• Task requirements: When you reach the line with "Etali Strawberry Flavoured" in the listing below, write out that line and every one after it exactly, and skip the pictures.

• Data:
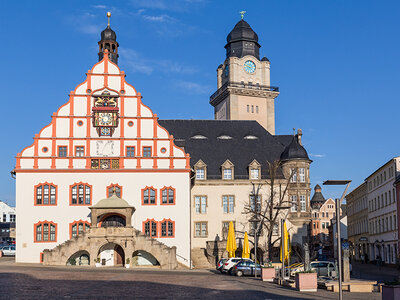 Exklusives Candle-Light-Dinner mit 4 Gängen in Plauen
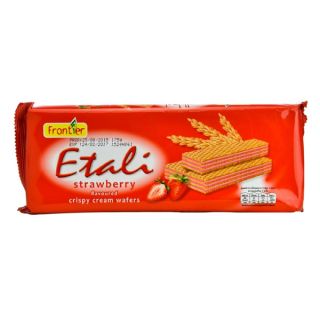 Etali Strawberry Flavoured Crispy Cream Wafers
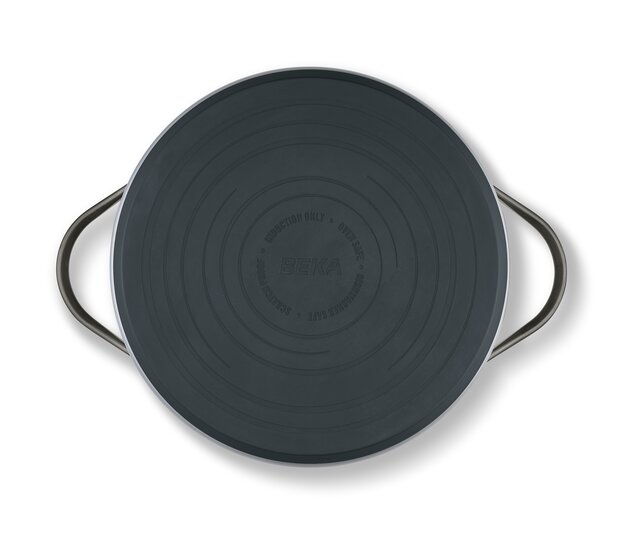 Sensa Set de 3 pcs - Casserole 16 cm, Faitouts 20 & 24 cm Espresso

• Exercise output:
 Etali Strawberry Flavoured Crispy Cream Wafers
 Sensa Set de 3 pcs - Casserole 16 cm, Faitouts 20 & 24 cm Espresso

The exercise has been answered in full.